Sprint warned that spectrum aggregation rules proposed by FCC Chairman Tom Wheeler could mean the No. 3 U.S. carrier would find it difficult to buy additional spectrum without jumping through regulatory hoops. FCC officials have clarified that the rules add most of the 2.5 GHz spectrum Sprint got from Clearwire to the spectrum included in the screen. Sprint is seeking a revised screen that gives high-band spectrum less weight than low-band spectrum (CD April 28 p1).
A filing by public interest groups and residents with the New Jersey Board of Public Utilities (BPU) alleged that despite FCC caps on the price of inmates’ interstate calls last year (CD Aug 12 p3), inmate calls within the state remain “exorbitant.” The situation mirrors high rates in much of the rest of the country, where most states have not yet revamped intrastate calls, said the head of New Jersey Institute for Social Justice (NJISJ), one of the groups that filed Wednesday’s petition, and national prisoners’ rights advocates in interviews.

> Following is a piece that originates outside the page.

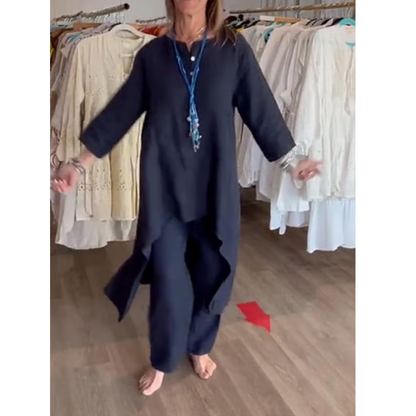 Amelie | Conjunto Loungewear De Mujer Con Túnica Oversize Y Pantalón Cómodo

Talks on an updated treaty to protect broadcast signals appear to have moved beyond consideration of strictly traditional broadcast and cablecast services to those available now and in the future via different technologies, broadcast officials said during last week’s World Intellectual Property Organization (WIPO) Standing Committee on Copyright and Related Rights (SCCR) committee meeting in Geneva. Discussions on the treaty text (http://bit.ly/1nPuvGl) so far have been based on old technologies, but broadcasters want to focus on what they do today and will be doing in the near future, a broadcast official said in an interview. Broadcasters want to make clear that today’s technology and the Internet-connected TV of tomorrow -- including simulcast transmissions and catch-up services -- should be included in the treaty, the source said. Civil society groups said covering Internet-related activities would only add more complexity and harm users.
The White House big data report -- three months in the works -- pressed Congress to move on several pieces of data privacy legislation and outlined a research, investment and policy agenda for the administration. More broadly, the report centered the big data discussion on discrimination and fairness, rather than notice and choice (http://1.usa.gov/1ky0reK). In doing so, the White House partially went against its own 2012 consumer privacy bill of rights. “It’s undeniable that big data challenges several of the key assumptions that underpin the current privacy framework, especially around collection and use,” said Commerce Secretary Penny Pritzker in a conference call.